Sunday, March 16, 2014
fragment
Posted by
Maggie May
At home she bent to tie her shoe and cried, still and captured, hands on the laces. The last of the lies had fallen in the walk from her car to the front door, and the weightlessness was tender and terrifying. An innocence she had given up ever knowing had filled her cells, a vulnerability she had relinquished for control, a joyous chaos of embrace she had turned away in place of static independence.

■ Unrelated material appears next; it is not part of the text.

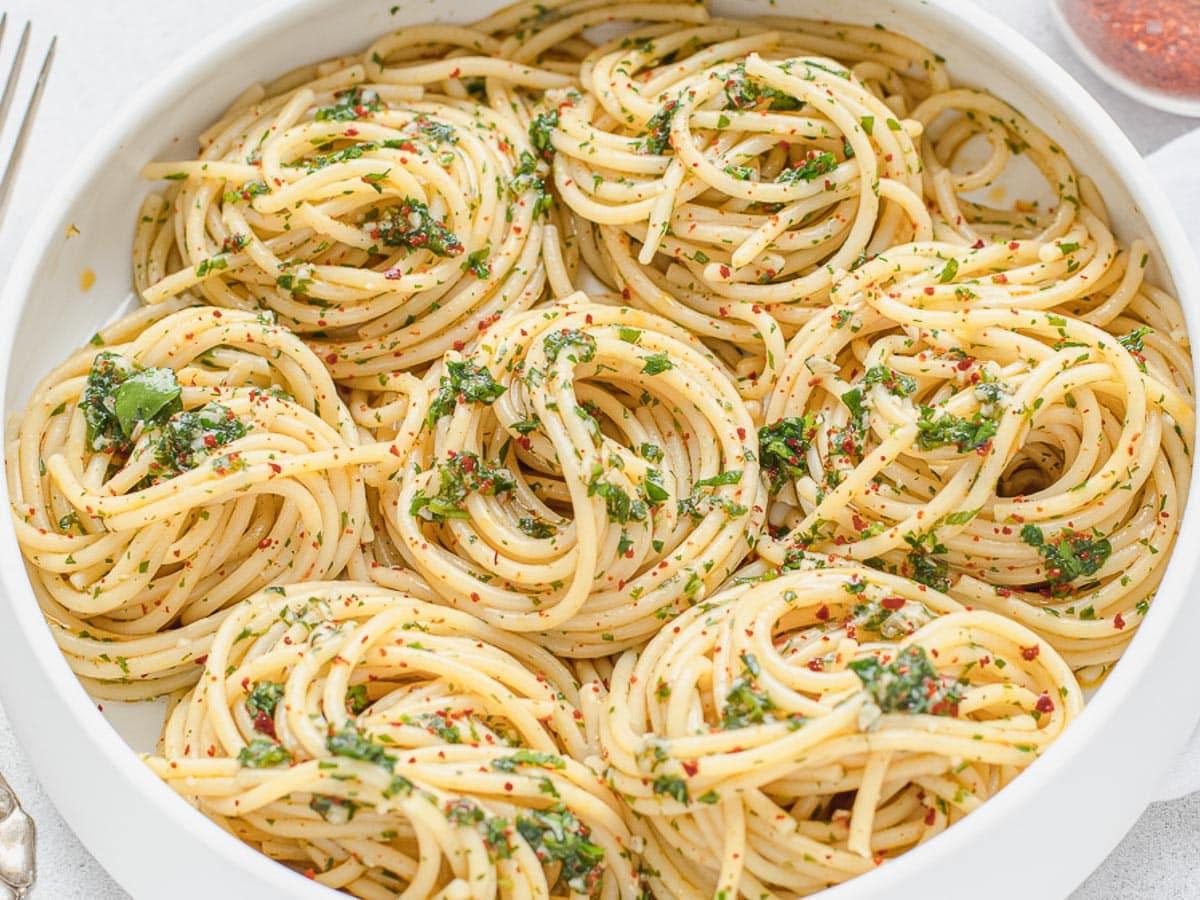 Knoblauch-Öl-Pasta Aglio Olio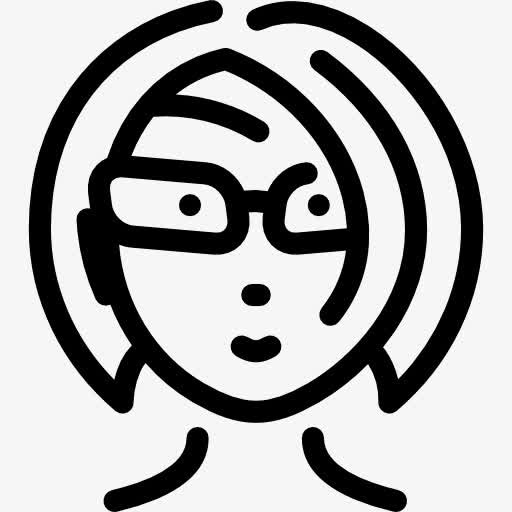 女人头戴眼镜的图标免抠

Now she could feel her connection to her family, her husband, the willow trees against her childhood home, the mountaintops in the far eastern view, the cats and fleas and barnacles and grass and salt waters, now she could feel the connectivity of being utterly the same as everything else, alive and utterly helpless before fate, shockingly vulnerable and hungry and filled with strange and morphing desires and emotions, lit up like the night sky with neurons firing, terribly beautiful or filled with negative space, an enigma, an equation, a dream, a newborn's cry, a dying breath, a million tides and touches, outer space and the smallest molecule, a vibrating frequency, a warm kiss on the mouth, a hand letting go. She had walked away from it all because she had wanted to be a tangible definition with game board rules. And now, she had let those old desires be cleaved; a definition unchanging and immobile is already dead and replaced with the new defined thing, and she was tired of being replaced.